## SOURCE DATA
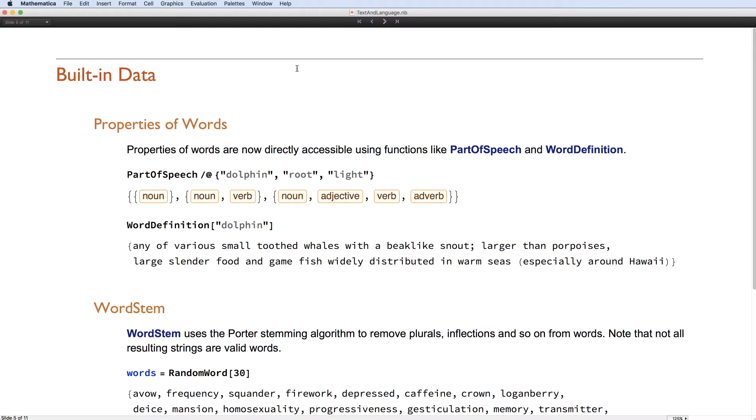We also have new functions for finding the grammatical unit entity associated with a word and the definition of that word.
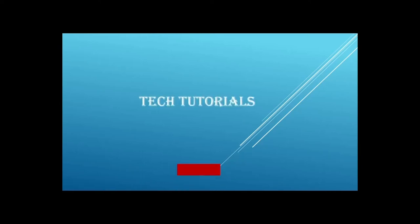Bismillahirrahmanirrahim. I am Humayus Raar and you are watching my YouTube channel Tech Tutorials. Please subscribe to get the new related videos.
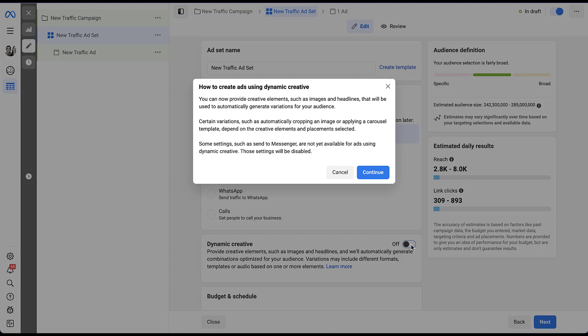When you turn on dynamic creatives, you have limitations for automatically cropping an image or applying a carousel template. Additionally, you will not be able to customize your ad by placement. If you're interested in learning more about placement customization, you can check out the video at the top of the screen right now.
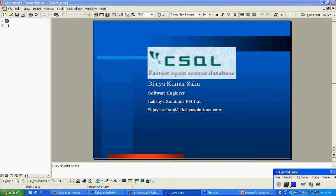Hello everybody, I am Vijay Kumar Saho working on a project CSQL main memory database and CASA for Lakshya solution as a software engineer.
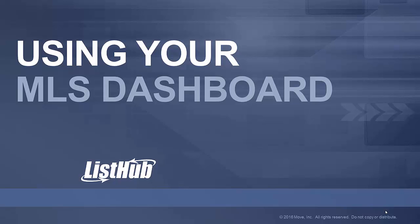As one of ListHub's MLS partners, you have access to your own MLS-level dashboard. In this video, we'll review the MLS dashboard benefits and functions.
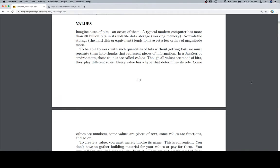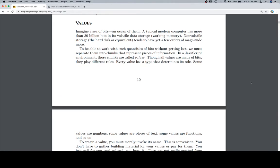Hey everybody, welcome back, and this is the values subsection. Imagine a sea of bits, an ocean of them. A typical modern computer has more than 30 billion bits in its volatile data storage, working memory. Non-volatile storage, the hard disk or equivalent, tends to have yet a few orders of magnitude more.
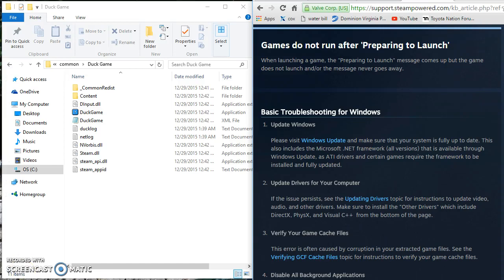Hey guys, this is a quick tutorial on getting your Steam games to launch whenever you launch a game and then immediately just does nothing, it just goes to running and then goes blank.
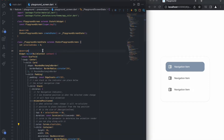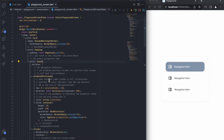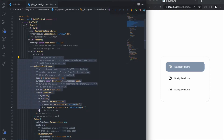I will explain how the code works. First, I use a Stack so the indicator can be placed below the actual navigation item. For the navigation indicator, I use an animated position so when the selected index changes, it will have a nice animation.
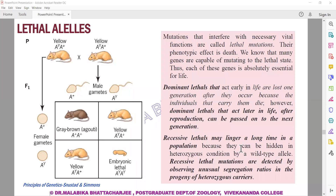There are also dominant lethals which occur early in life. In humans, one such example is Tay-Sachs disease. In Tay-Sachs, affected children die during childhood, so the question of reaching reproductive maturity does not arise and the allele is not passed on to the next generation.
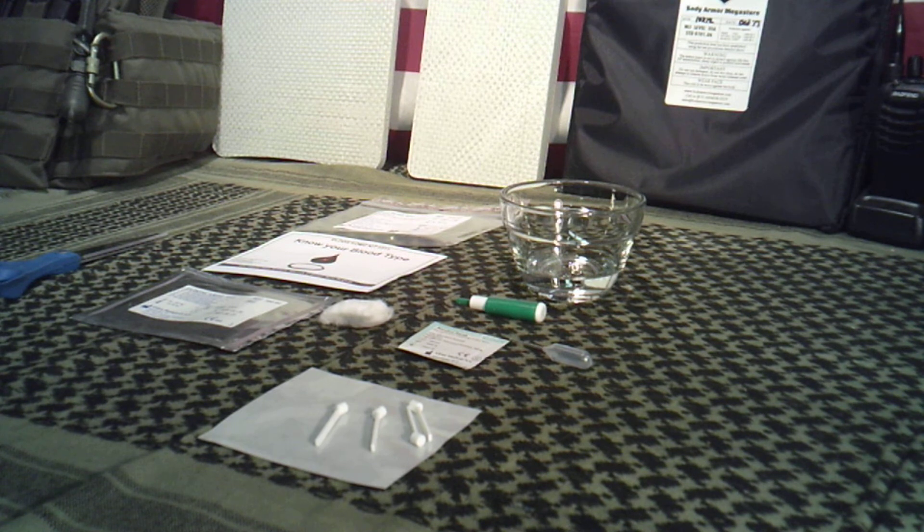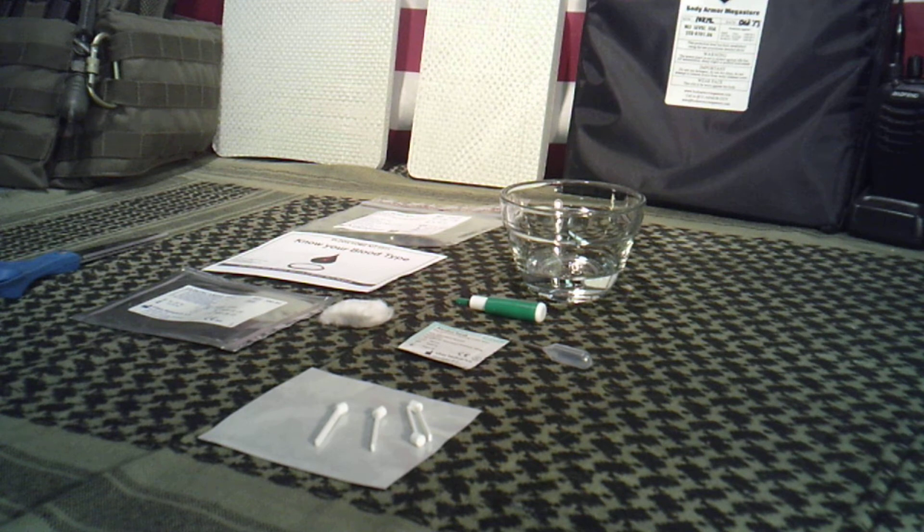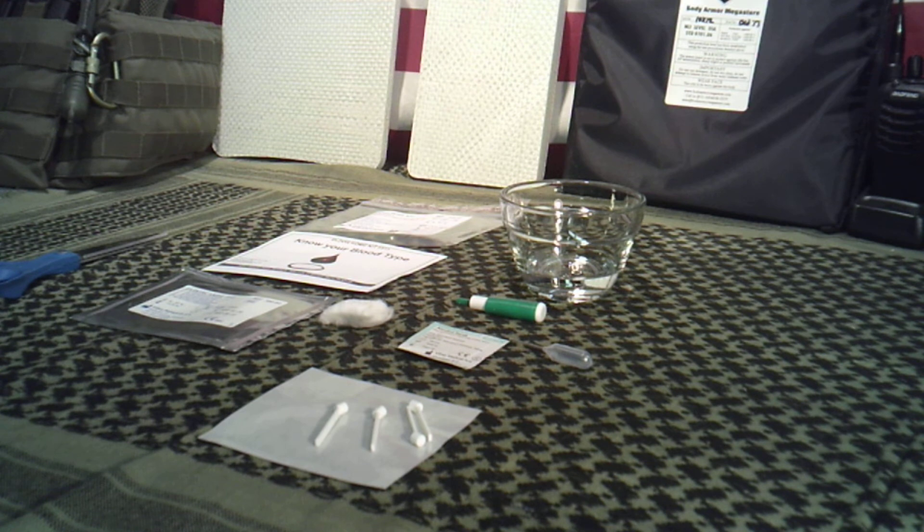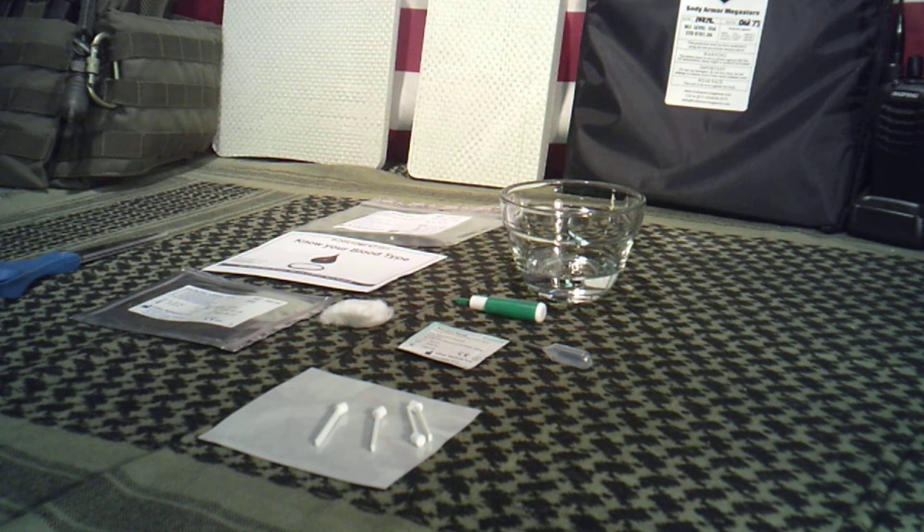But they do make home test kits that are very accurate, just as accurate as you would see in a hospital setting. Matter of fact, these are the same type kits that you'll see a lot of biological supply places, medical supply places that supply medical schools, things like that.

## WHAT YOU WILL DO
In the answer, give only the lines from the top of the data above through the line with "Bismillahirrahmanirrahim. I am", reproduced exactly; no picture may appear.

## OUTPUT OF THE TASK
We also have new functions for finding the grammatical unit entity associated with a word and the definition of that word.
Bismillahirrahmanirrahim. I am Humayus Raar and you are watching my YouTube channel Tech Tutorials. Please subscribe to get the new related videos.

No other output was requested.